Haksızca ve insanlık dışı muamelelerle katledilenlerin yakınlarının samimi, hakiki, sadece yakınlarının acısına yaslanan bir mücadeleyi desteklemek veya desteklememek insan olup olmamakla izah edilebileceği gibi; yasalarla tanınan haklarını engellemek de aynı zamanda bir hukuk devleti olup olmadığımız açısından önemli bir ölçüttür.

Bu kadar uzun süre devam eden haklı bir mücadelenin taleplerinin adaletle sonuçlanıp sonuçlanmaması bir yana, toplantı ve gösteri yürüyüşü hakları demokratik, anayasal bir hak olduğu halde Galatasaray Meydanı’ndaki oturma eylemleri keyfi, hukuk dışı idari kararlarla uzun süre engellenmiştir.
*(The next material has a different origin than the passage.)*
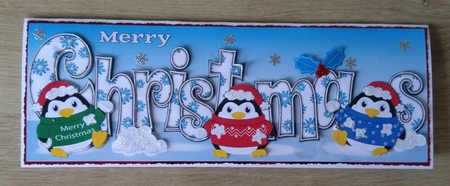 Christmas Fat Penguins CHRISTMAS large dl 2 by Honorscard Appleby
Yasalarca tanınan, güvence altına alınan haklara erişebilmenin zorluğunu her vatandaşın yaşadığı gibi Cumartesi Anneleri de yıllardır yaşıyor. Yaşadığımız her türlü engellemeye, olumsuzluğa, haksızlığa rağmen insan onuruna yaraşır, adalete yönelik bir hukuk düzenin kurulması yönündeki umutlarımızı diri tutarak, 

İnsan evladının ölümlü olduğunu unutmadan; kin, nefret ve intikam duygusundan uzak, huzurun, mutluluğun, eşitliğin, kardeşliğin hâkim olduğu, etnik köken, din, dil, mezhep farklılıklarından dolayı kimsenin kimseyi ötekileştirmeyeceği bir ülke hayal etmenin umudu ve inancıyla sizleri selamlıyor, katılımız için çok teşekkür ediyoruz.”

Fotoğraf, soldan, Kemal Kılıçdaroğlu, İnsan Hakları Derneği Genel Başkanı Hüseyin Küçükbalaban, Cumartesi Anneleri Topluluğu’nun temsilcileri; Mikail Kırbayır ve  Av. Jiyan Tosun ile Türkan Elçi, Av. Mahsum Batı, Batman Barosu Başkanı ve Vakıf Yönetim Kurulu üyesi Avukat Erkan Şenses, ödülün sunulması sırasında birlikte.